Im Geltungsbereich der Bau- und Betriebsordnung für Anschlussbahnen (BOA) der Länder Mecklenburg-Vorpommern, Brandenburg, Sachsen-Anhalt, Thüringen und Sachsen dürfen Sie zum Kuppeln generell erst dann ins Gleis treten, wenn die Eisenbahnfahrzeuge kuppelreif zum Stillstand gekommen sind.

Ihr Unternehmen kann festlegen, dass der freizuhaltende Raum (Berner Raum) zum Kuppeln generell erst betreten werden darf, nachdem beide Eisenbahnfahrzeuge kuppelreif zum Stillstand gekommen sind.
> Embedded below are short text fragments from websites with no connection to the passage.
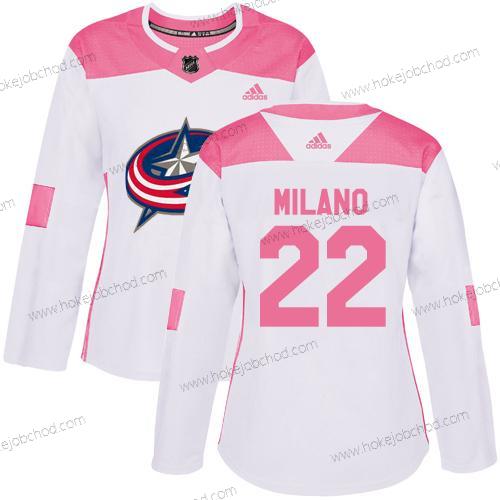 Adidas Žena Columbus Blue Jackets #22 Sonny Milano Bílý Růžový Autentické Sešitý NHL Dres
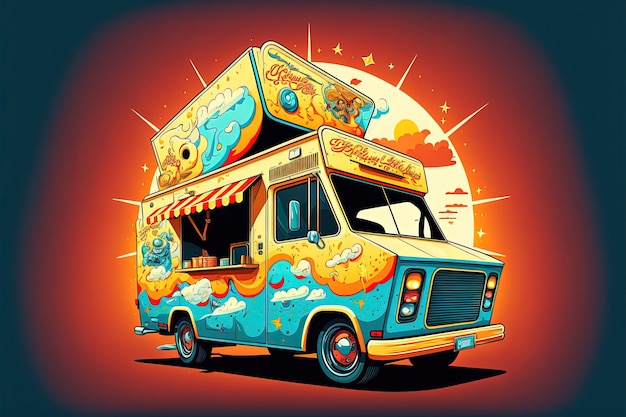 Ilustracja kolorowy food truck Generative Ai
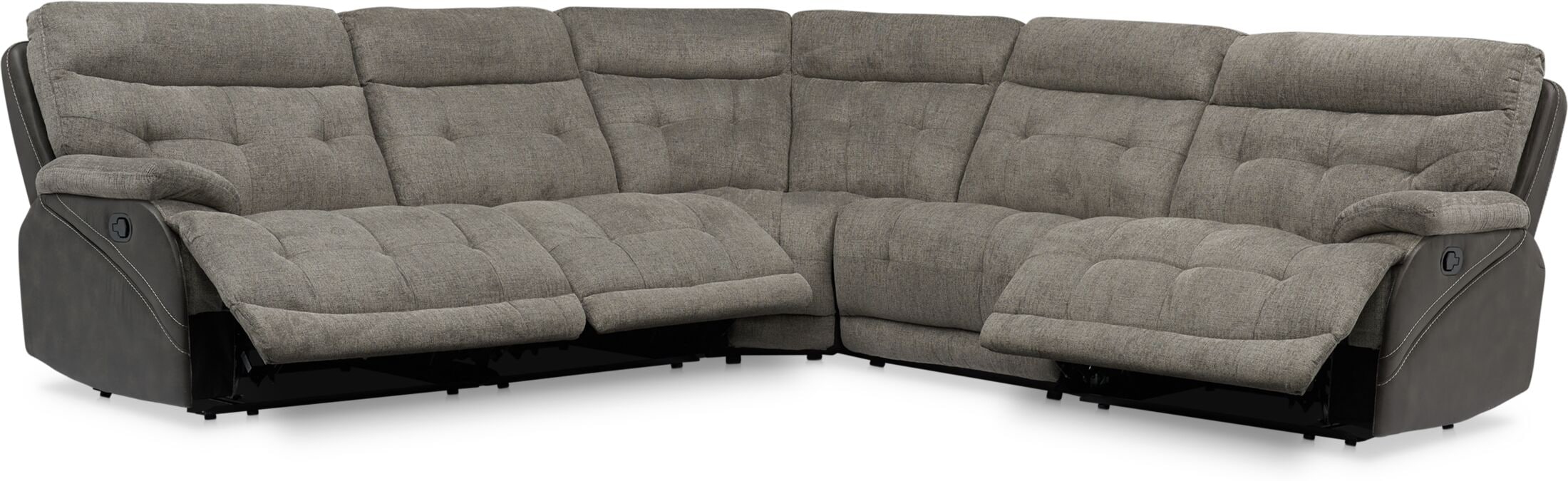 Value city deals sectional with recliner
Beim Ablaufen und Abstoßen dürfen Sie nur vorher "lang gemachte" Schraubenkupplungen während der Fahrzeugbewegung mit einer Entkuppelstange von einem sicheren Standort auf dem Rangiererweg entkuppeln. Achten Sie dabei auf bewegte Eisenbahnfahrzeuge im daneben liegenden Gleis. In Vorbereitung des Entkuppelns müssen alle Brems- und sonstigen Verbindungsleitungen getrennt und in die dafür vorgesehenen Halterungen eingehängt worden sein.